Военные редко думают о цене. Любой ценой! Это мышление обеспечивается всей мощью державы.
А мы цену знаем всему. Военный знает, что должно быть вот так. Должно быть топливо, должна быть погода, должен быть выходной, должен быть накормлен и спать уложен, сам и твои солдаты.
А я знаю, что топлива нет, что погода – какая уж есть, а везти людей надо. И решает тут не вышестоящий начальник, а я сам. И люди за спиной – вот уж о чем военному не надо волноваться.
Нет, наша служба – одно, военная – совсем другое, и у нас, и у них – свои проблемы; противопоставлять и даже сравнивать, как вот я здесь, просто некорректно.

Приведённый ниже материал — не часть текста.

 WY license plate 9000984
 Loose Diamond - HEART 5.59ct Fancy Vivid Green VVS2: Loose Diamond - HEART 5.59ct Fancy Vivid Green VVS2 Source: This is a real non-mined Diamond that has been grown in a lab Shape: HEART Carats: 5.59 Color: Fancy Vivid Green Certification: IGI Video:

Но перестраиваться? Те, кто служит, так и будут служить.
214 летный отряд выбирал командира. Вообще-то идиотизм, как в гражданскую войну. Но – выбирал. Выбора, собственно, не было, кандидатура одна, пилота-инструктора Ш., спущенная сверху. Но – один нюанс. Коллектив впервые обсуждал будущего руководителя.